M. Jacques Le Nay. - Ce moratoire national est un prélude à une harmonisation européenne. Nous nous sommes rendu compte que les grandes entreprises avaient un certain pouvoir en matière de labellisation, sujet déjà compliqué de par la multitude de labels existants. Nous préconisons que les fédérations professionnelles réfléchissent à un modèle de labellisation par métier. Pour répondre à Joël Labbé, nous avons rappelé dans notre rapport le besoin accru des millenials en matière d'écologie au travail et nous nous sommes appuyés sur Le Manifeste étudiant pour un réveil écologique que vous citiez, signé en 2018 par 32 000 étudiants de 420 établissements d'enseignement supérieur.
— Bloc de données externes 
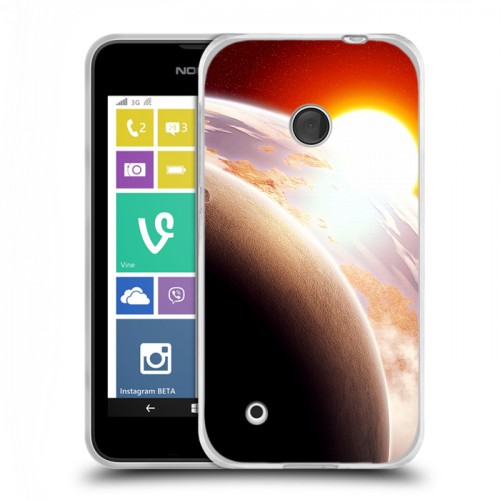 Дизайнерский пластиковый чехол для Nokia Lumia 530 Солнце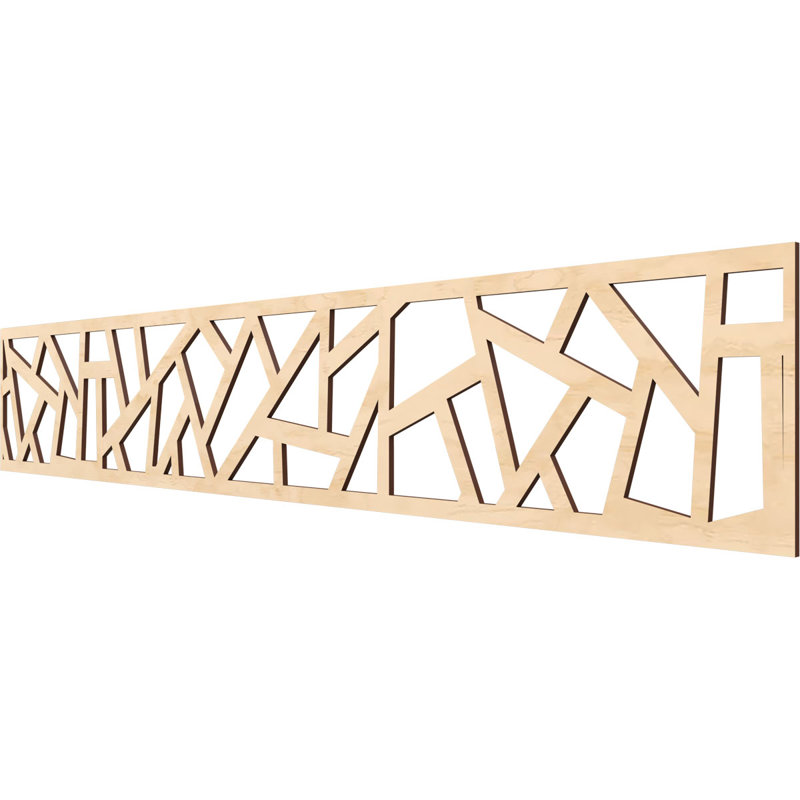 Moulure en bois Harrisburg, Bouleau, H 8 po x l 46,625 po x P 0,25 po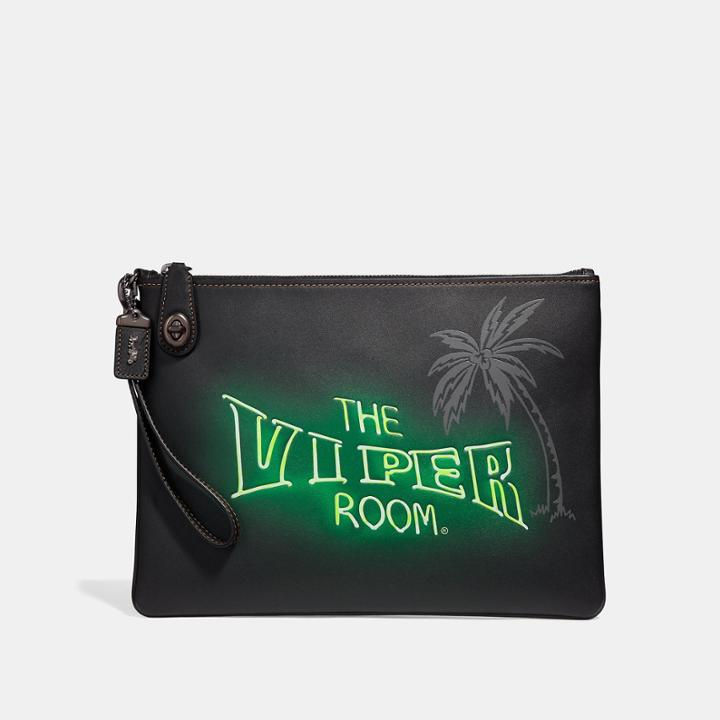Coach Viper Room Turnlock Pouch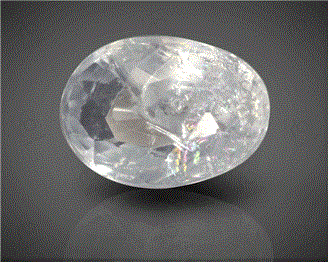 NATURAL UNHEATED UNTREATED WHITE SAPPHIRE (SAFED POKRAJ) 4.14 CRT ( 27220 )
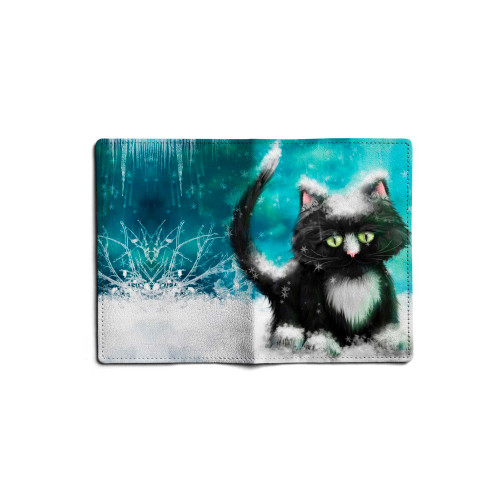 Обложка для паспорта, PAS1 «Snow cat»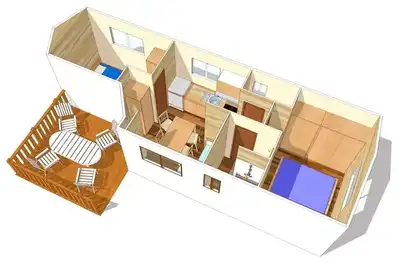 Image de Mobil-home | Classic Xl | 2 Ch. | 4 pers. | Terrasse simple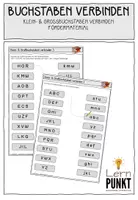 Vorschau - Arbeitsblätter - Buchstaben verbinden - Groß- und Kleinschreibung - Deckblatt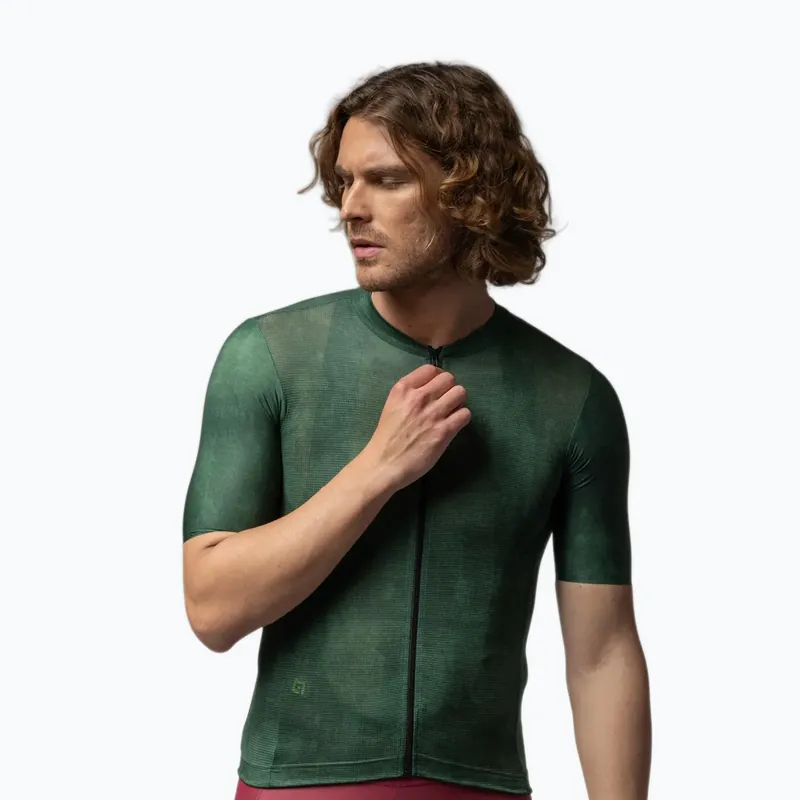 Cenový Hit Pánský cyklistický dres Alé Deep dark green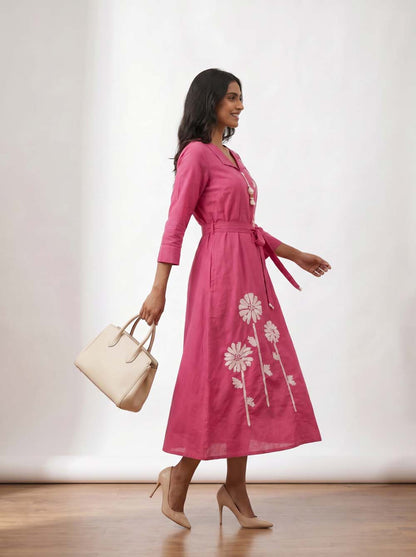 Onion Style Long One Piece Dress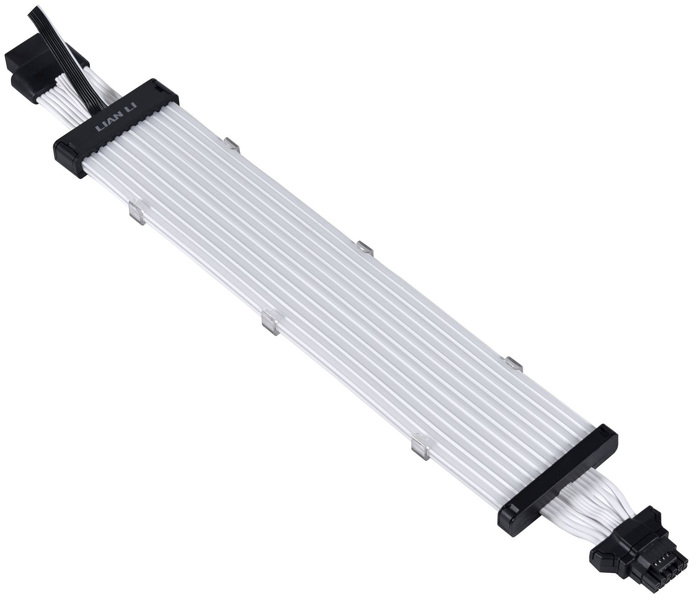Zdjęcie produktu: Lian Li Strimer Plus 12VHPWR 16-pin v2 ARGB 32cm przedłużacz kabla do zasilania karty graficznej PCIe 5.0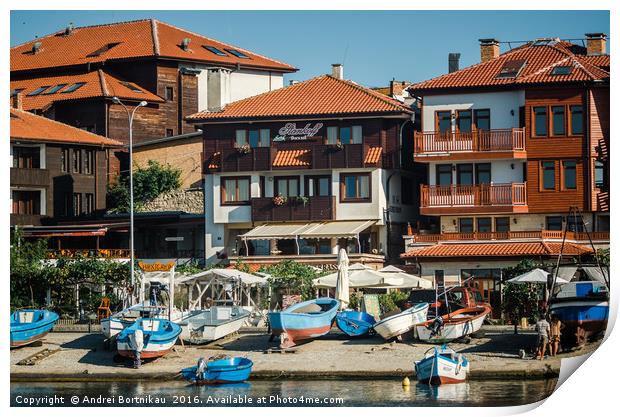 Ancient city of Nessebar is a UNESCO world heritag Print by Andrei Bortnikau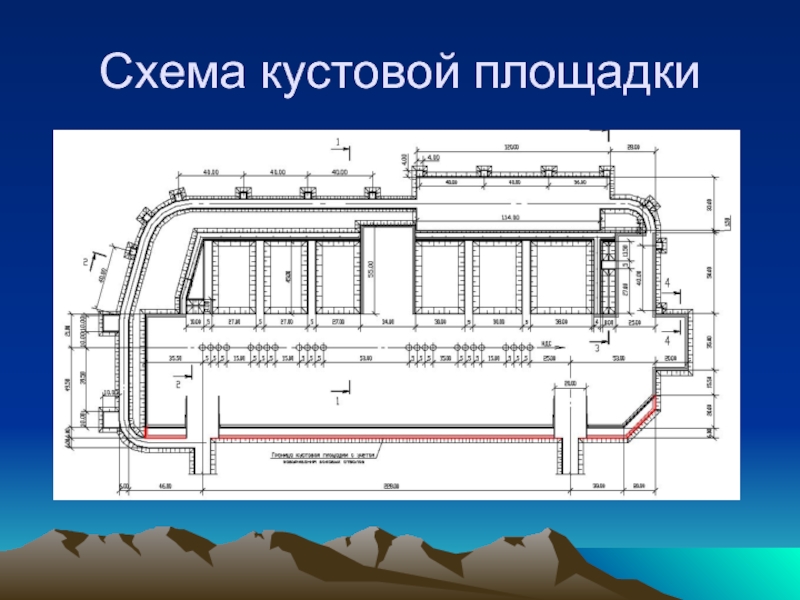 Схема кустовой площадки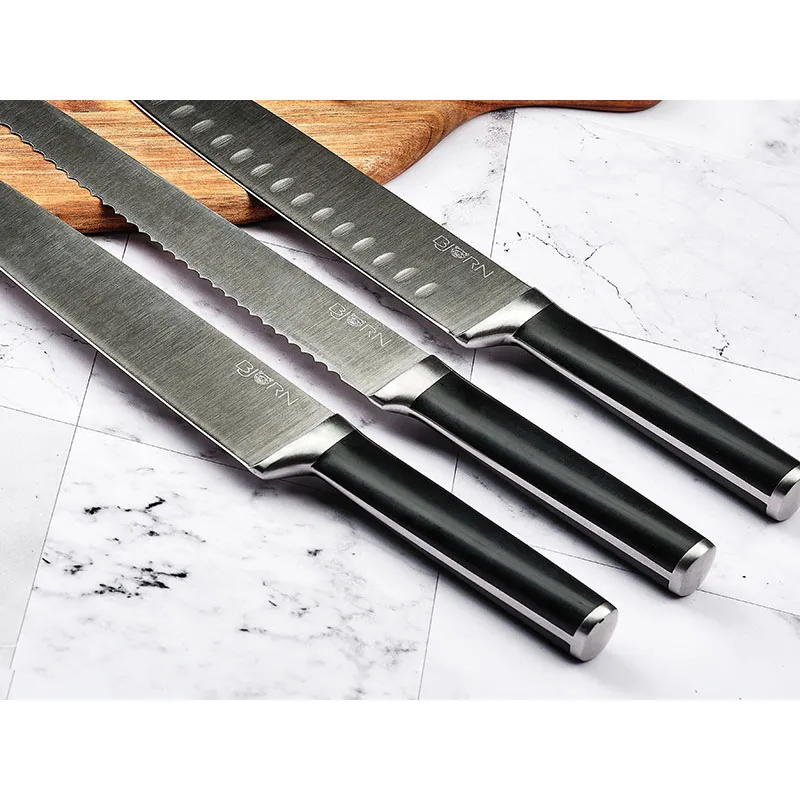 Bloc 6 couteaux de cuisine Jona Rauma - Lame 9/13/18/20cm-4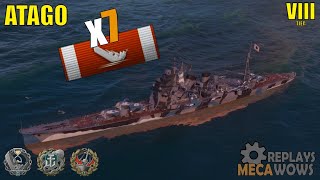 Download Lagu Cruiser Atago 7 Kills \u0026 142k Damage | World of Warships Gameplay MP3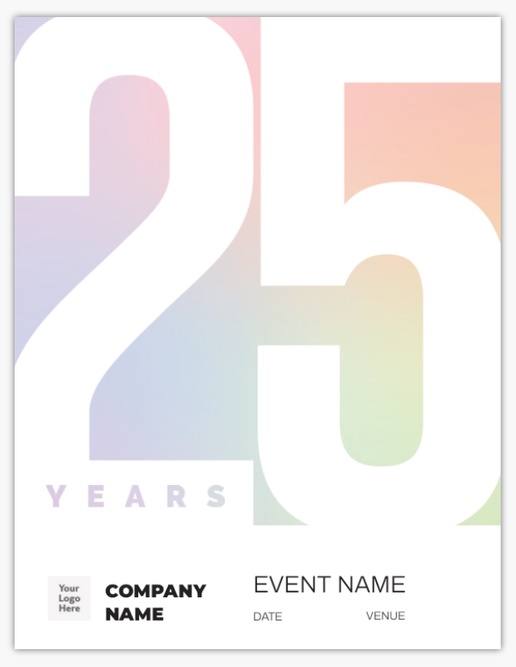 A 25 business anniversary gray design for Business with 1 uploads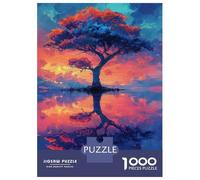 Puzzle Per Adolescenti Puzzle Da 1000 Pezzi Tree Reflection Sunset Art Print Puzzle Per Adulti Giochi Rilassanti Ma Divertenti E Umoristici Regali Unici Per Compleanni 52x38cm/1000pcs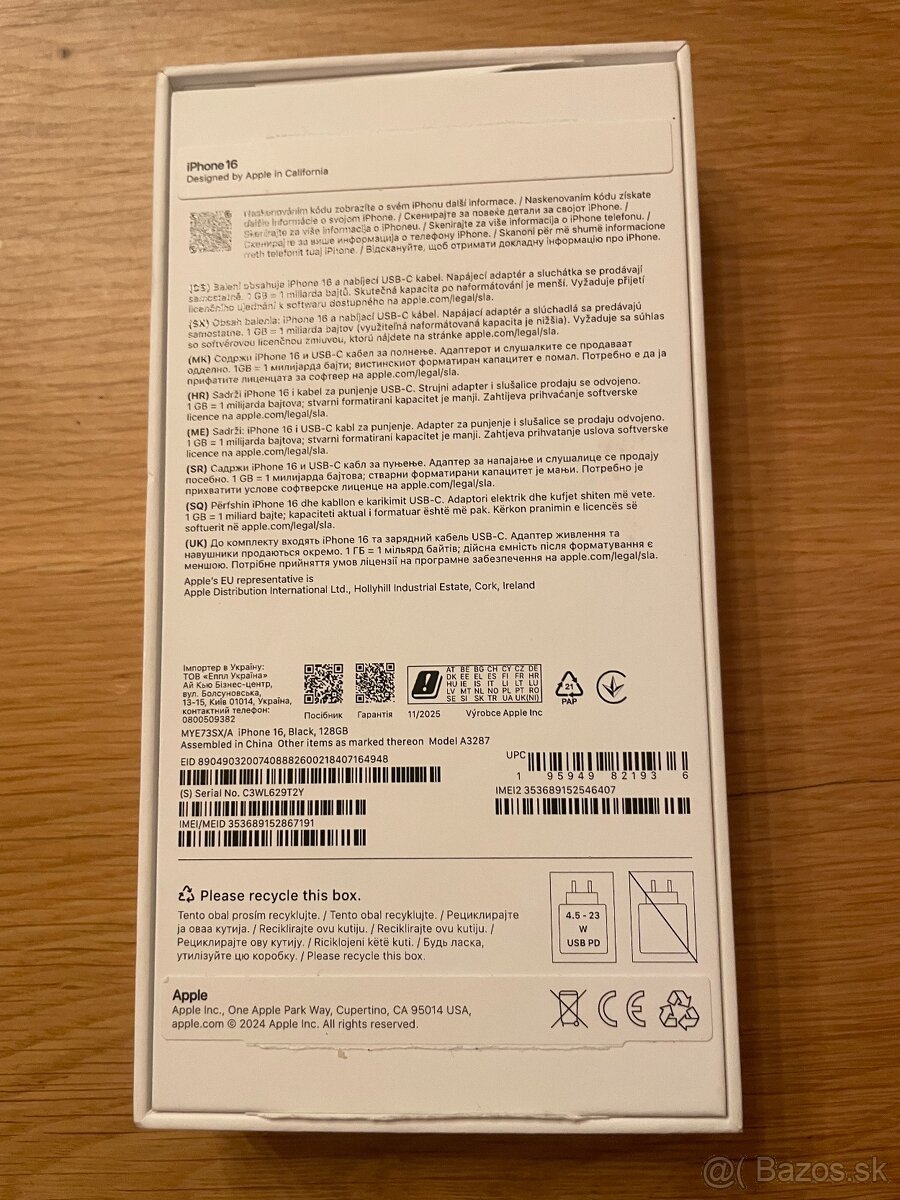 IPHONE 16 128GB BLACK - 2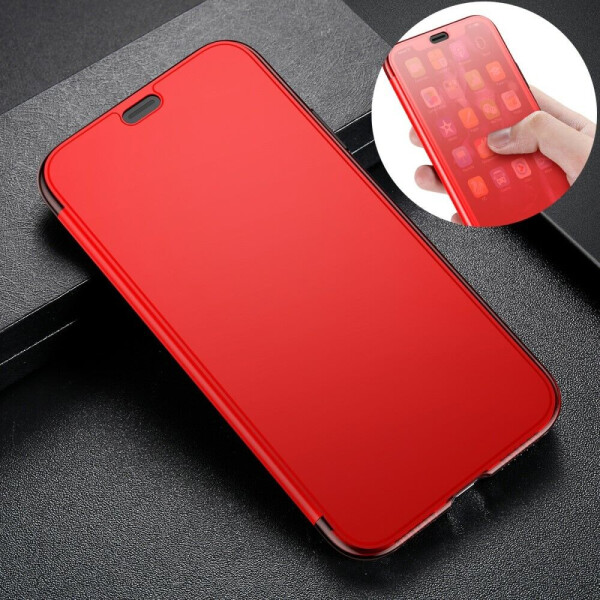 Чехол BASEUS View Window для Apple iPhone Xs Max - Red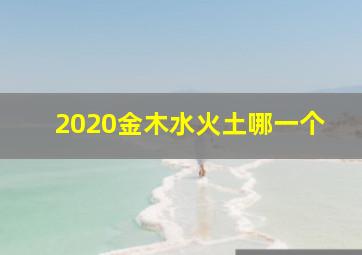 2020金木水火土哪一个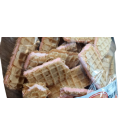Retalho de Torrone Sabor Morango 400g – Doce Tradicional com Recheio Cremoso e Crocante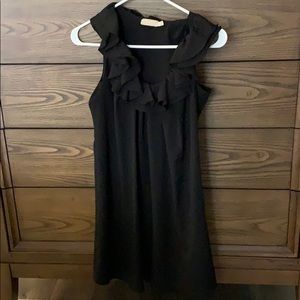 Short sleeve ruffle tunic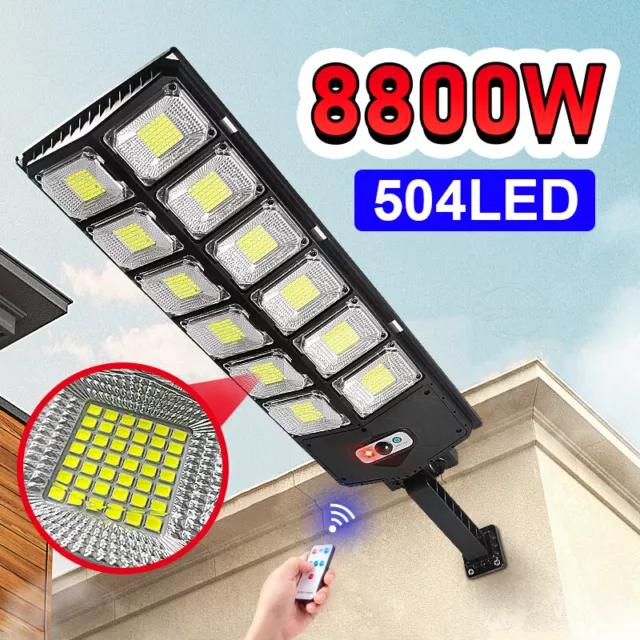 360/504 LEDs Outdoor Solar Street Light Motion Sensor Down Lamp Super Bright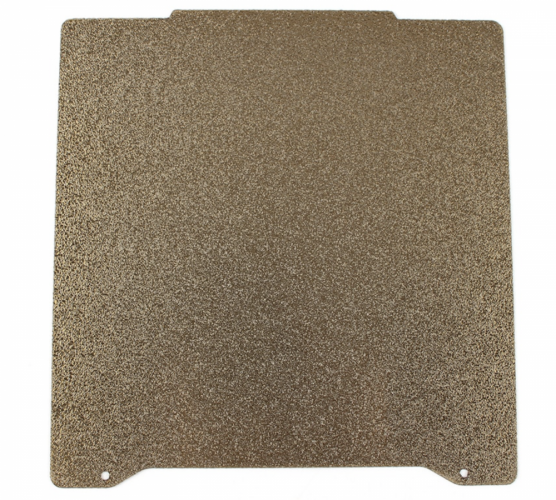 Ocelový tiskový plát se zrnitým práškovým PEI povrchem pro Prusa Mini | 200x190mm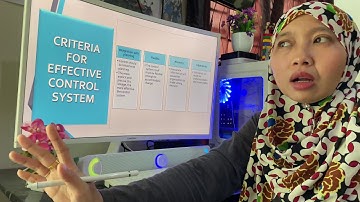 MGT162 Chapter 7 - Control (Part 2)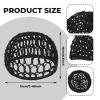 2 Pcs Tubi Hair Wrap Hair Nets For Sleeping Mesh Crochet Hair Net Snood Hat Sleep Cap Shower Cover Ornament Hair Wrap Nets For Women Sleep Black Mesh Crochet Hair Net For Women Black And Gray view 2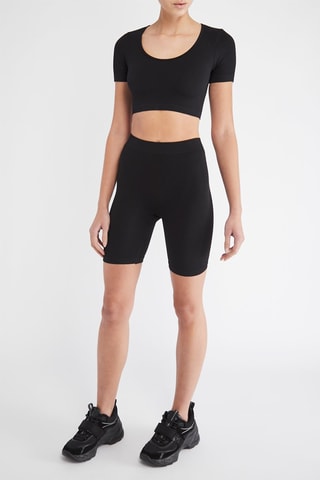 Crop top - Negro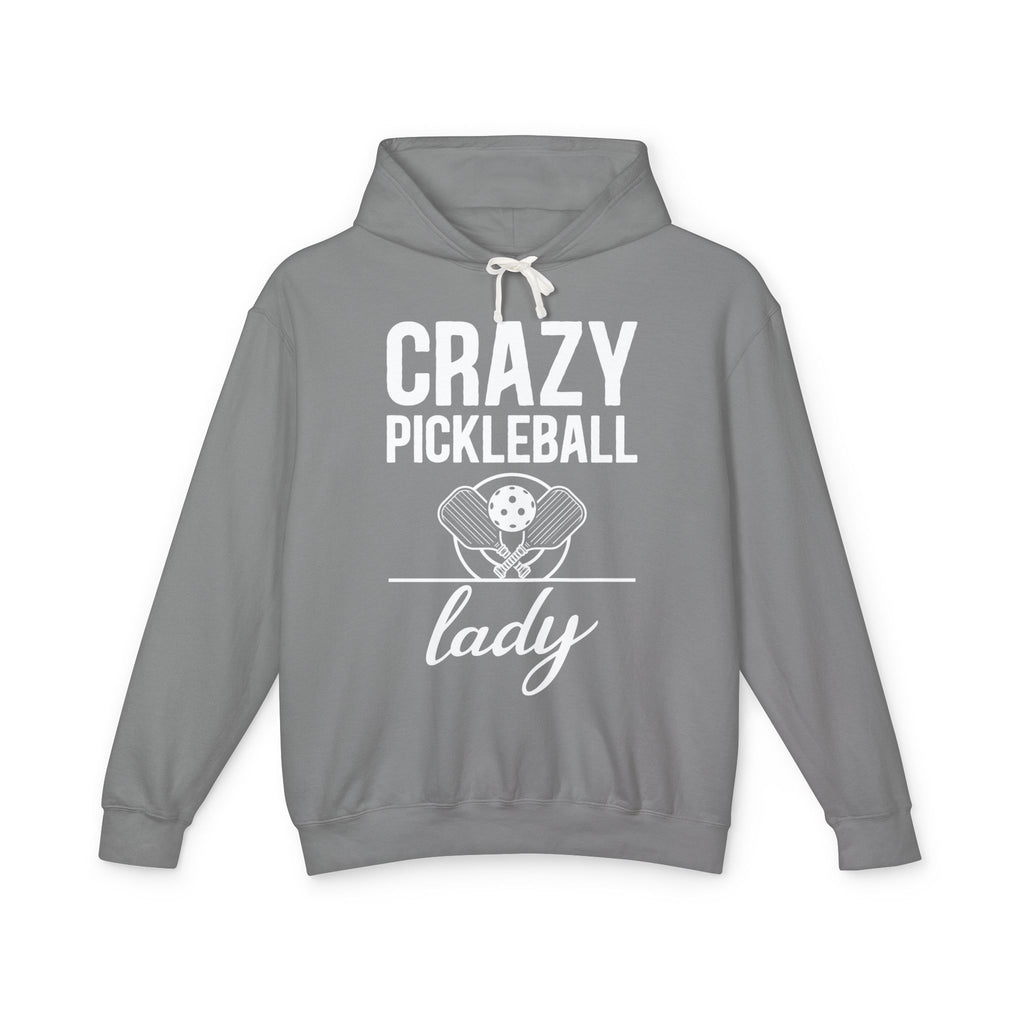 Crazy Pickleball Lady Lightweight Hooded Sweatshirt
M. Joël Labbé. - Outre la diffusion des informations concernant la RSE, il faut former ceux qui n'y ont pas accès et faire en sorte que ces formations soient adaptées à l'entreprise. Il faut également que l'entreprise soit attractive pour les cadres de haut niveau : les étudiants peuvent se permettre aujourd'hui de choisir un employeur en accord avec leurs convictions éthiques.

Mme Élisabeth Lamure. - Les jeunes sont en effet très attentifs et ont certaines exigences vis-à-vis des entreprises, ce qui va dans le bon sens.

Je vous remercie pour votre écoute et je soumets donc ce rapport à votre approbation.

La Délégation autorise la publication du rapport.